🚨 News Alert: US Trade Tariffs and the Impact on the Crypto Market! 🚨

The Current Scenario:

Since April 2025, the US has implemented a universal base tariff of 10% on ALL imports, raising the level of protectionism. And it doesn't stop there! Trade partners like the European Union and China, considered "worst offenders", are facing even higher "reciprocal tariffs". We have already seen tariffs of 25% on products from Japan and South Korea, and up to 50% on the European Union.

The Global Domino Effect:

Experts and analysts are sounding the alarm: these measures could undermine the fragile recovery of the global economy, which is already grappling with high inflation, record debt, and geopolitical tensions. The major concern is that the world could be pushed into a global recession, with greater uncertainty and volatility.

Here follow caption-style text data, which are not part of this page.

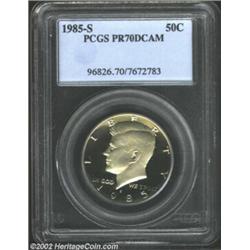 1985-S 50C PR70 Deep Cameo PCGS. A Superb specimen in the ultimate grade. A delightfully contrasted.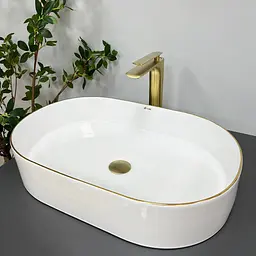 Умивальник VBI Verona 60 gold edge накладний VBI-011308, Золотий - мініатюра 3
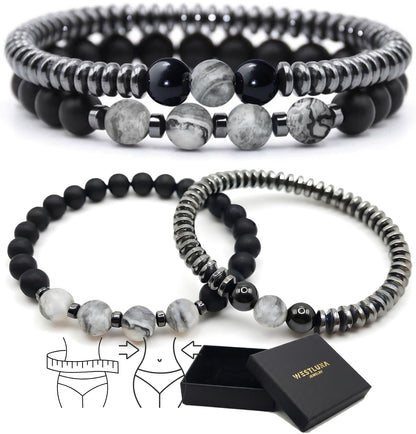 WestLuna Magnetic Bracelets for Women, Magnetic Hematite Bracelet with Black Obsidian, Map Stone. Healing Stone Bracelets for Women Men Lymph Drainage Slimming Energy Bracelet Set (Mapstone, Medium)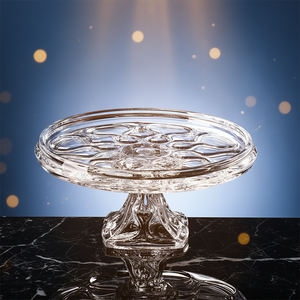 37.8cm ocean with base hollow flower Home Decoration Wedding crystal glass Candy Storage Container Glass Candy fruit bowl - Product Image 2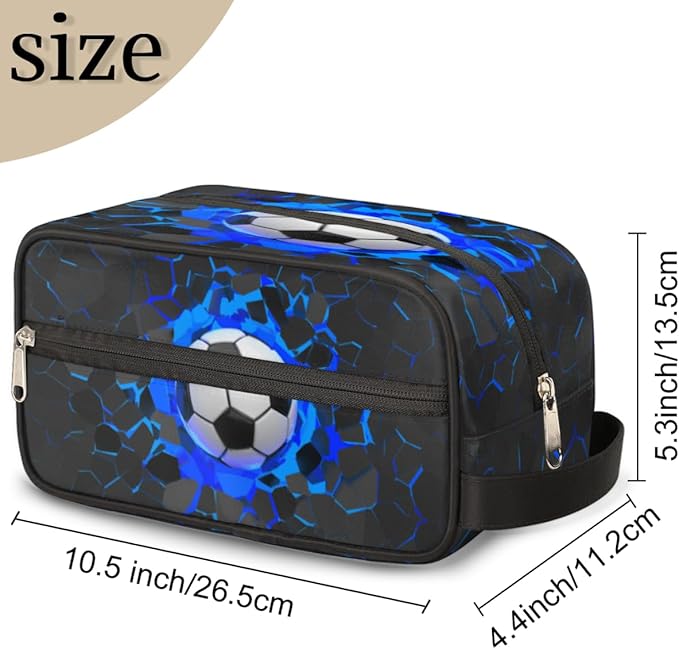 3D Soccer Hanging Toiletry Bag for Boy Men,Travel Cosmetic Bag,Waterproof Makeup Bag,Approved Hygiene Bag Shave Dopp Kit Organizer for Toiletries Shower Bathroom Carry-on Accessories Gifts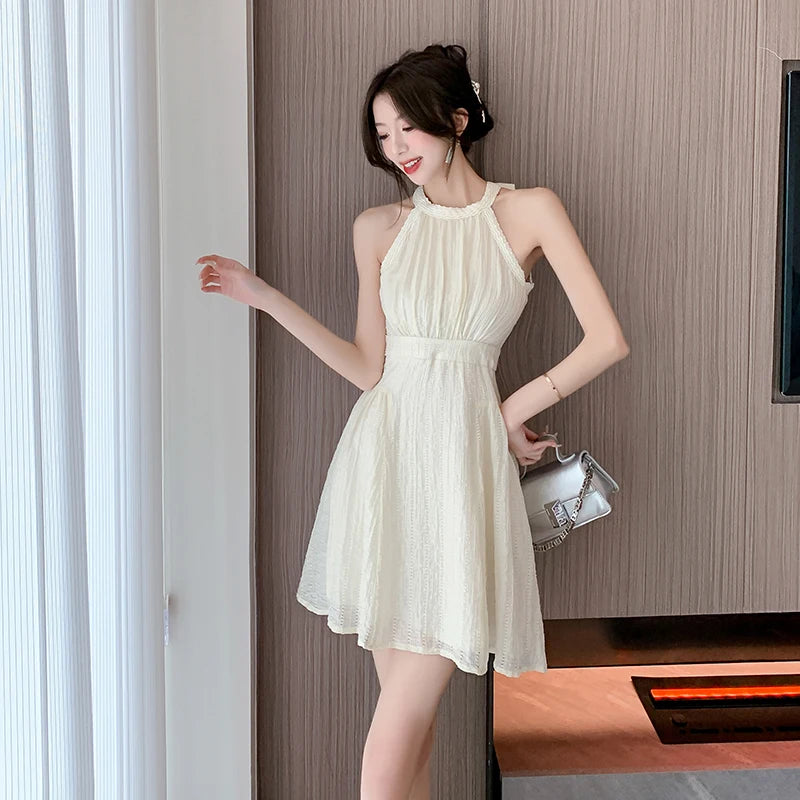 Sexy Strapless Sleeveless Casual Midi Dresses for Women Summer Elegant Holiday Beach Party Sweet Sundress Female Clothing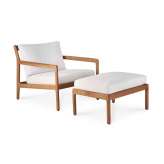Ethnicraft Jack | Teak outdoor footstool - off white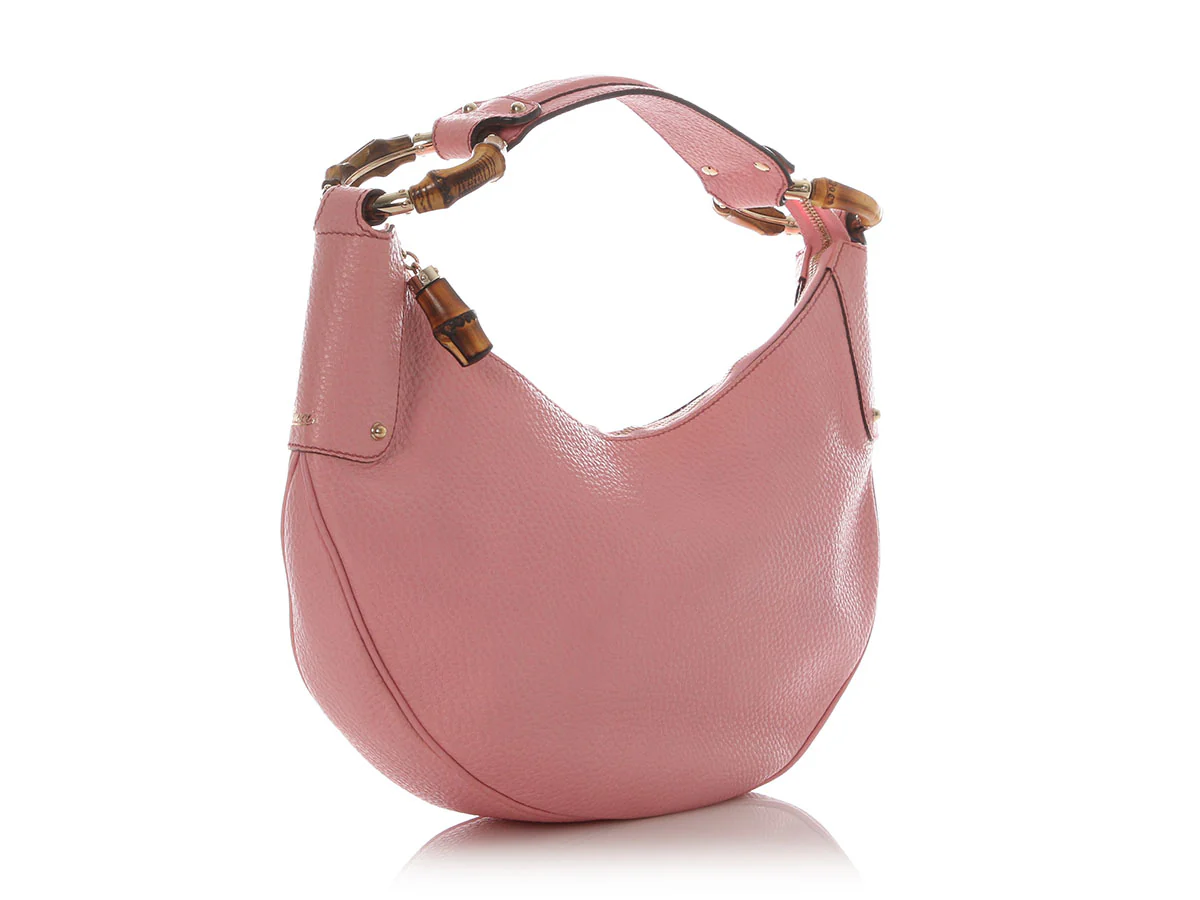 Gucci Medium Pink Leather Bamboo Ring Hobo - Image 5
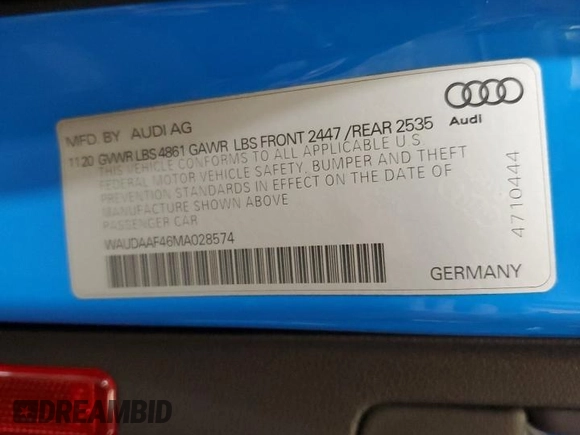 2021 Audi A4 S line Premium with VIN WAUDAAF46MA028574, listed as a Copart auction lot 45110955 with 39,113 mi miles and Salvage Title. Bid and sale history available at DreamBid. Image 13.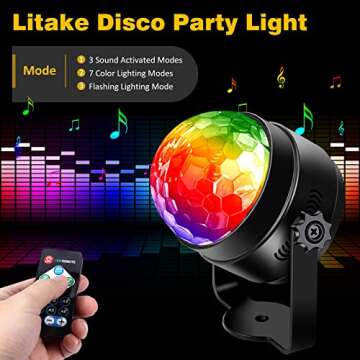 Litake Party Lights,Strobe Lights for Parties,Sound Activated Disco Ball Lights with Remote,RGB 7 Co...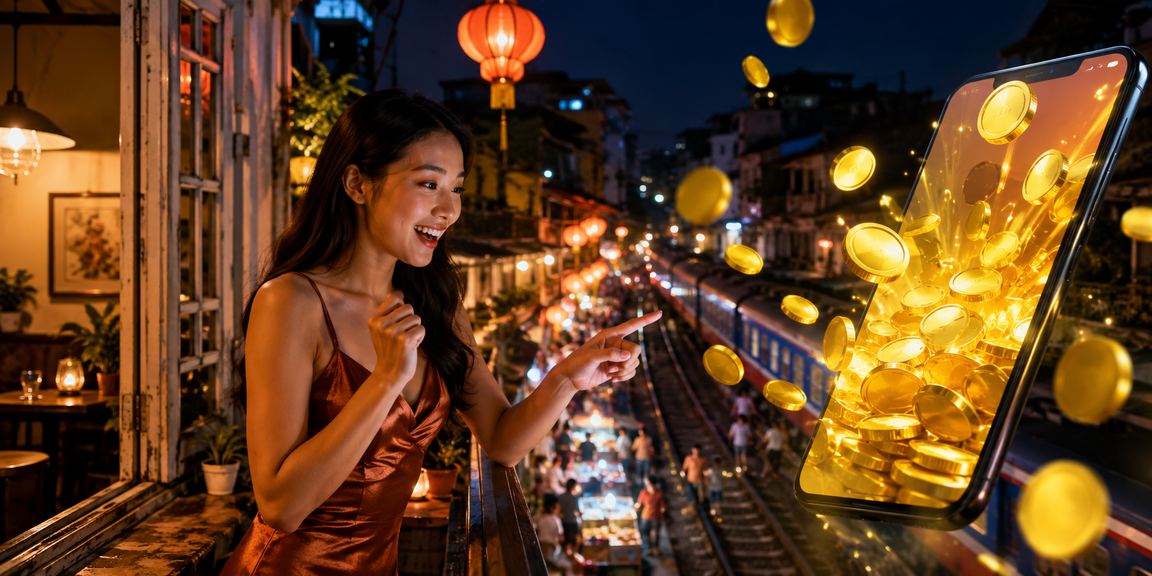 Người dùng Hà Nội truy cập casino trên điện thoại di động tại quán cà phê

The US-China trade war has also heated up. As China retaliates with its own tariffs, there is growing fear that Europe could become a "dumping ground" for Chinese products, further destabilizing global trade.

How is the Crypto Market Reacting?

Despite the turbulence in traditional markets, Bitcoin and cryptocurrencies have shown remarkable resilience! At times, we have seen significant recoveries even with threats of new tariffs.

Why is this happening? Many investors are beginning to see Bitcoin and other digital assets as a "hedge" against inflation and the devaluation of fiat currencies in times of protectionism and economic uncertainty. When traditional trade policies create instability, the decentralization and deflationary nature (for some assets) of cryptocurrencies can become a safe haven.